MatchPessimisticBTask#
MatchPessimisticBTask matches sources to reference objects. This is often
done as a preliminary step to fitting an astrometric or photometric solution.
The algorithm is based on a more “Pessimistic” version of the Optimistic Pattern Matcher B as described in DMTN-013.
Optimistic Pattern Matching is described in [Tabur2007]
Fast algorithms for matching CCD images to a stellar catalogue* arxiv:0710.3618
Processing summary#
MatchPessimisticBTask runs this sequence of operations:
Flags sources with bad centroids and low signal to noise and remove them from the matching.
Match the usable sources with an input reference catalog using the updated V. Tabur 2007 algorithm.
Further remove sources detected on the edge of the image and those that are saturated.

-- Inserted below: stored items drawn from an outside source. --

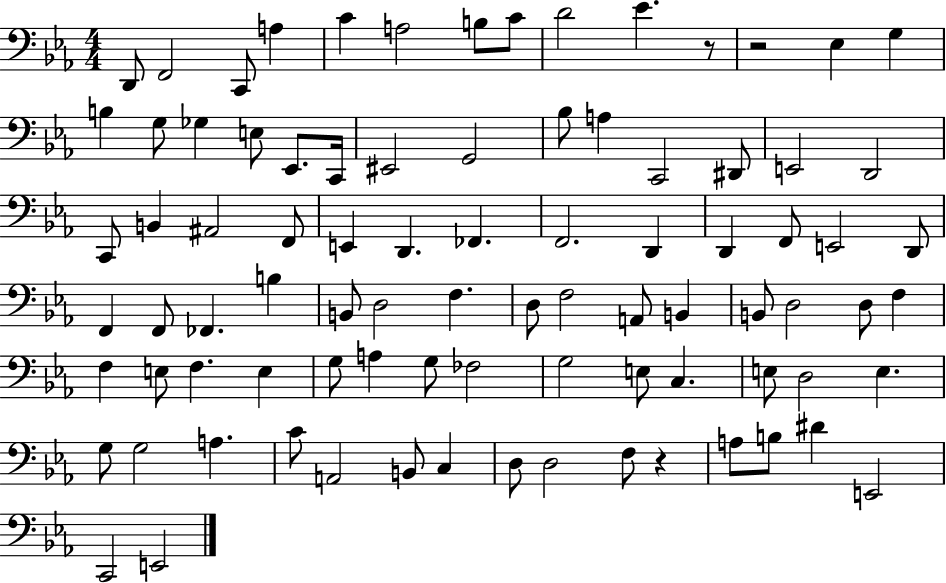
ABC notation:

X:1
T:Untitled
M:4/4
L:1/4
K:Eb
D,,/2 F,,2 C,,/2 A, C A,2 B,/2 C/2 D2 _E z/2 z2 _E, G, B, G,/2 _G, E,/2 _E,,/2 C,,/4 ^E,,2 G,,2 _B,/2 A, C,,2 ^D,,/2 E,,2 D,,2 C,,/2 B,, ^A,,2 F,,/2 E,, D,, _F,, F,,2 D,, D,, F,,/2 E,,2 D,,/2 F,, F,,/2 _F,, B, B,,/2 D,2 F, D,/2 F,2 A,,/2 B,, B,,/2 D,2 D,/2 F, F, E,/2 F, E, G,/2 A, G,/2 _F,2 G,2 E,/2 C, E,/2 D,2 E, G,/2 G,2 A, C/2 A,,2 B,,/2 C, D,/2 D,2 F,/2 z A,/2 B,/2 ^D E,,2 C,,2 E,,2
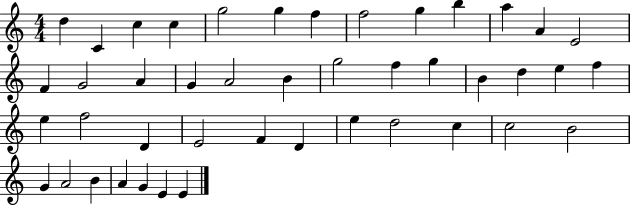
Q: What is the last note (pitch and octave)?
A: E4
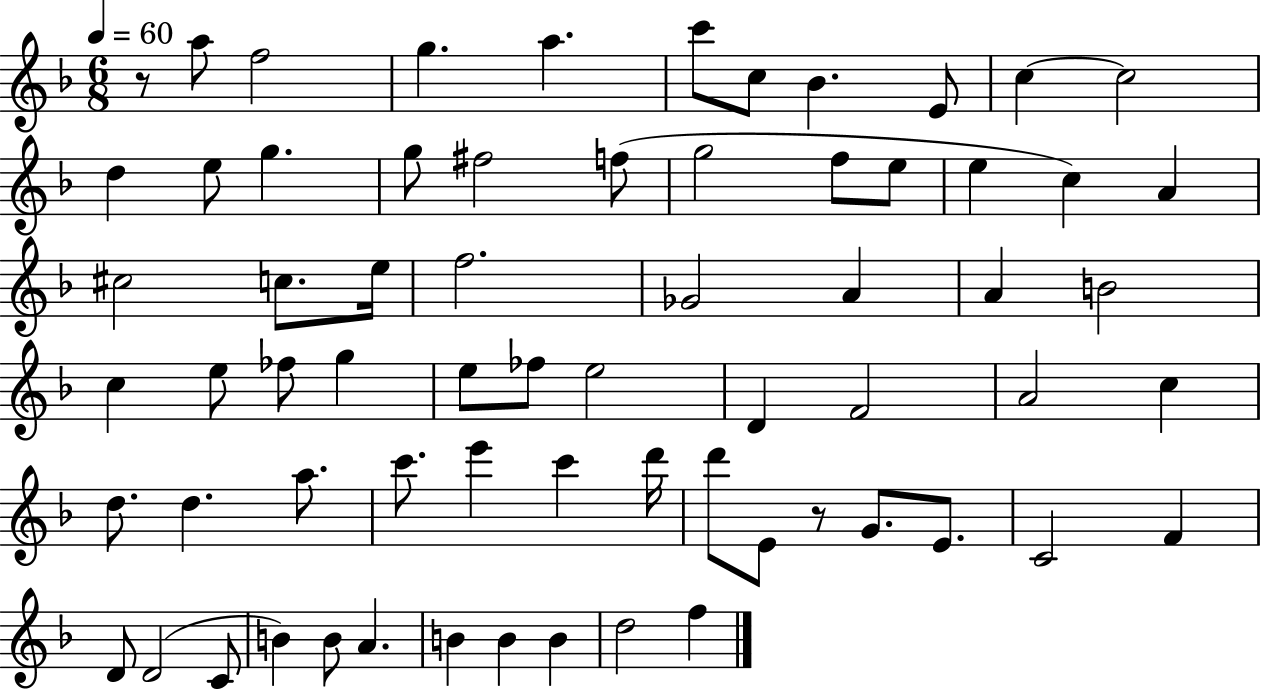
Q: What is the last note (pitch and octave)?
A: F5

Return these sources matched to the references.
Python API summary#
Retargetable subtasks#
Configuration fields#
Debugging#
The lsst.pipe.base.cmdLineTask.CmdLineTask command line task interface supports a flag -d to import debug.py from your PYTHONPATH; see lsstDebug for more about debug.py files.

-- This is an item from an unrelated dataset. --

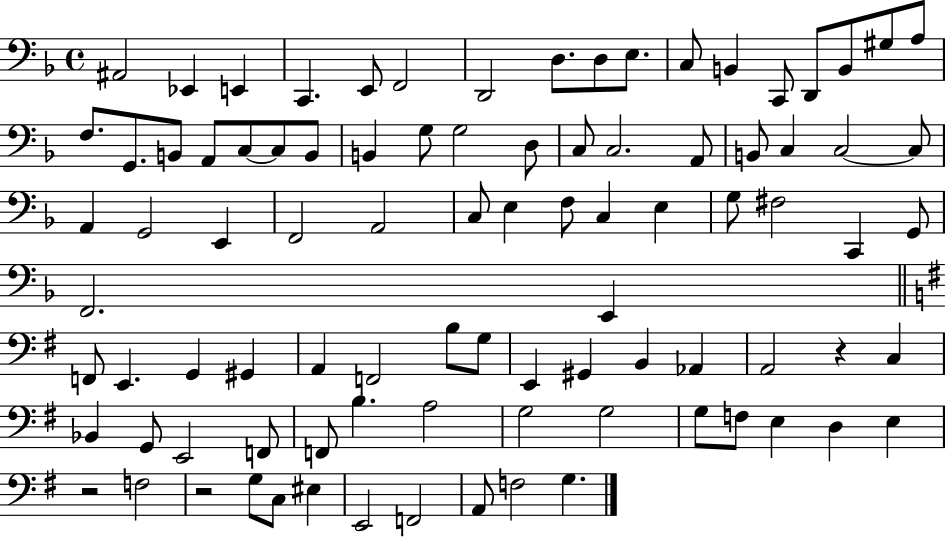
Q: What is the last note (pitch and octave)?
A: G3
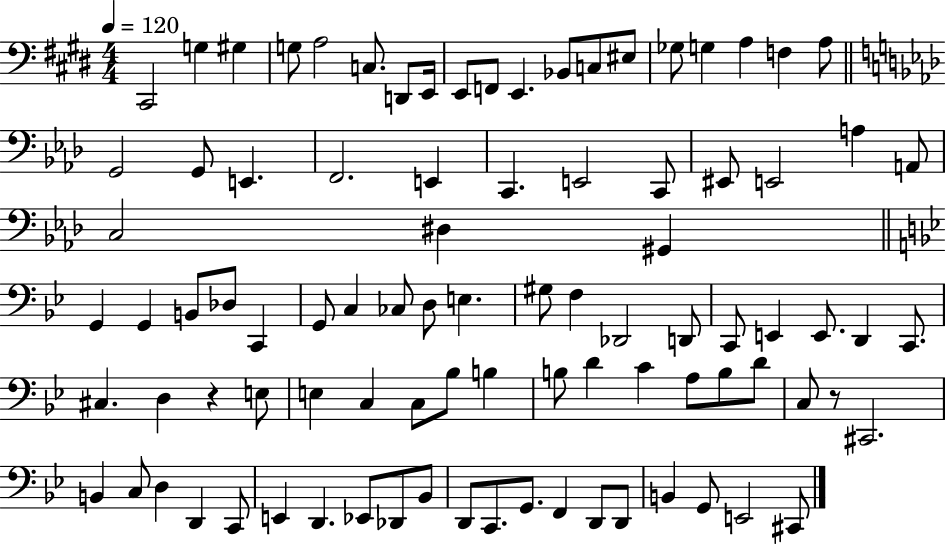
C#2/h G3/q G#3/q G3/e A3/h C3/e. D2/e E2/s E2/e F2/e E2/q. Bb2/e C3/e EIS3/e Gb3/e G3/q A3/q F3/q A3/e G2/h G2/e E2/q. F2/h. E2/q C2/q. E2/h C2/e EIS2/e E2/h A3/q A2/e C3/h D#3/q G#2/q G2/q G2/q B2/e Db3/e C2/q G2/e C3/q CES3/e D3/e E3/q. G#3/e F3/q Db2/h D2/e C2/e E2/q E2/e. D2/q C2/e. C#3/q. D3/q R/q E3/e E3/q C3/q C3/e Bb3/e B3/q B3/e D4/q C4/q A3/e B3/e D4/e C3/e R/e C#2/h. B2/q C3/e D3/q D2/q C2/e E2/q D2/q. Eb2/e Db2/e Bb2/e D2/e C2/e. G2/e. F2/q D2/e D2/e B2/q G2/e E2/h C#2/e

The available variables in MatchOptimisticB are
- display (bool)
If True display information at three stages: after finding reference objects, after matching sources to reference objects, and after fitting the WCS; defaults to False
- frame (int)
frame to use to display the reference objects; the next two frames are used to display the match list and the results of the final WCS; defaults to 0
To investigate the meas_astrom_astrometry_Debug, put something like
import lsstDebug
def DebugInfo(name):
debug = lsstDebug.getInfo(name) # N.b. lsstDebug.Info(name) would call us recursively
if name == "lsst.meas.astrom.astrometry":
debug.display = True
return debug
lsstDebug.Info = DebugInfo
into your debug.py file and run this task with the --debug flag.